A somber Rev. John Carter enters the living room of his modest apartment in Northeast Washington and greets his wife with a hug and a kiss. Deborah Carter smiles and says it is his style to be warm and expressive. A month after his highly publicized church trial on sexual harassment-related charges, she says, the reverend still sees nothing wrong with showing affection.
Yet, there is something of an I-told-you-so tone to Deborah Carter's voice when she recalls warning her husband years ago that some people might misinterpret his actions as "too free and open."
"John and I both talk with our hands; we touch people when we talk to them," she said, gesturing with her hands during an interview. "I had begun to check myself, but I saw John do it all the time."

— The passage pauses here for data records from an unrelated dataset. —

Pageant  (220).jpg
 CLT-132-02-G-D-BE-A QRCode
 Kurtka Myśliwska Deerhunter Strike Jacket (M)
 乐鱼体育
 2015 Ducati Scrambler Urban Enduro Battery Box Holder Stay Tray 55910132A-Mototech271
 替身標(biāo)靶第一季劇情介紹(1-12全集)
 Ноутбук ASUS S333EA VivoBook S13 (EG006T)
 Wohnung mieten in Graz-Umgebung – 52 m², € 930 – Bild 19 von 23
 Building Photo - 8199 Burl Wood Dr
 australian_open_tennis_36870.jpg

In April, five women accused Rev. Carter of sexual harassment while they worked for him or while trying to get jobs with his community-based ministry.
The result was a week-long trial, set up like a civil court proceeding, in a United Methodist church basement in Silver Spring. Deborah Carter was most anxious to know what would be said about her husband. She said that if she became convinced the accusations were true, she might leave him.
Deborah Carter, 34, who married her husband four years ago, is an attractive, highly determined graduate student at Howard University who holds two part-time jobs. She could easily take care of herself.
Thirteen fellow ministers acting as jurors -- 11 of them white and eight of them women -- found Rev. Carter guilty of some of the allegations and ordered that he be suspended for three years. But the trial proved to be such a peculiar quasi-judicial affair, replete with unusual deviations from standard judisprudence, that Deborah Carter walked away feeling that justice had not been served.
After hearing the testimony of the women -- three of whom she knew personally -- against her husband and then not being allowed to testify except as a character witness on her husband's behalf, Deborah Carter said she wanted to change the sign on the church basement that read "church trial."
"I wanted to scratch out 'trial' to make it read 'lynching,' " she fumed.
In her mind, the motives of the women were suspect because, she said, during the period in which Rev. Carter was allegedly harassing them, two of the women were calling him at home "at least once a week to chitchat."
The trial verdict, which is being appealed, had a devestating impact on the Carter family, and Deborah Carter has had to rally hard to keep up her own spirits as well as those of her husband. In recounting and sifting through the details of the trauma, Deborah Carter, not surprisingly, tends to discount much of the charges brought against her husband while underscoring the numerous flaws in the proceedings.
One would have to concede, even under the most charitable interpretation of the evidence, that Rev. Carter showed poor judgment in his dealings with church personnel. Yet it is also true that Rev. Carter was up against immense odds in trying to clear his reputation during the bizarre church proceedings.
The presiding bishop, William Boyd Grove, a white, 56-year-old West Virginian, indicated early on his frustration with defense objections that he did not understand. "I'm not a judge. I'm a preacher," he said.
Hired lawyers guided the two preachers who represented the defense and prosecution, but this arrangement resulted in confusion.
"Sometimes we didn't know what we were doing," recalled the Rev. Irvin Lockman, who argued for Rev. Carter with assistance from Clayton Smith, a former federal civil rights lawyer.
In the end, the jurors could not agree on a definition of "immorality," the most serious charge against Rev. Carter. So he was acquitted of that one. But they did find him guilty of "disobeying church law."
"People come up to me at school and say, 'I know it's tough on you -- but we are behind you,' " Deborah Carter said. "I tell them that the only tough part is the loss of John's [$21,000-a-year] salary."
Within the United Methodist Church, the purpose of a trial is to achieve reconciliation -- unlike civil court, where the plaintiff tries to extract a pound of flesh. By using a loose interpretation of civil court procedure as a guide for a church trial, the results were not surprising.
But Deborah Carter's reaction was.
"We're picking up the pieces and going on with our lives," she said. "I intend to stand by my man.